Here is the official list of federal job openings. They are still hiring. Sure, big enterprises keep hiring essential employees even in tough times. But these aren't essential jobs. Many of them seem like the sort of job a private firm, in a financial crisis like the feds are in, would consolidate with another job or leave unfilled. (The first one that jumps out is the "Associate Administrator for Administration" at the Department of Transportation, which pays $119,554 to $179,700. It seems that this person will do administrative work to maintain the layer of bureaucracy that "coordinates" the DOTs research programs. The new hire will also give "advice and assistance in directing, coordinating, controlling" etc. this little fiefdom. You don't have to be Peter Drucker to realize that this position does not have to exist.)
Kaus notes that since it seems to be almost impossible to fire a federal employee for incompetence, some of the current federal openings are undoubtedly for people to do the jobs of incompetents who remain on the payroll. Kaus doesn't link to any sources for that position, but a few weeks back a USA Today story reported that federal employee job security is such that in many agencies more employees die of natural causes than get terminated
Death -- rather than poor performance, misconduct or layoffs -- is the primary threat to job security at the Environmental Protection Agency, the Small Business Administration, the Department of Housing and Urban Development, the Office of Management and Budget and a dozen other federal operations.

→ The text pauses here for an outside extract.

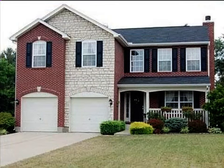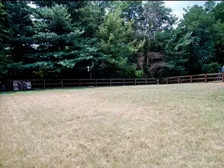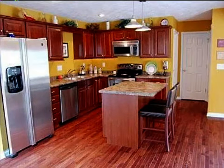This property is a three-bedroom, two full baths, and one-half bath home. The list price on this property has recently been reduced to $179,900.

The federal government fired 0.55% of its workers in the budget year that ended Sept. 30 - 11,668 employees in its 2.1 million workforce. Research shows that the private sector fires about 3% of workers annually for poor performance.
The federal officials interviewed naturally attributed this to the great job they do hiring the right people for jobs like Associate Administrator for Administration in the first place. The US Today story went on to note:
White-collar federal workers have almost total job security after a few years on the job. Last year, the government fired none of its 3,000 meteorologists, 2,500 health insurance administrators, 1,000 optometrists, 800 historians or 500 industrial property managers.
The nearly half-million federal employees earning $100,000 or more enjoyed a 99.82% job security rate in 2010. Only 27 of 35,000 federal attorneys were fired last year. None was laid off. Death claimed 33.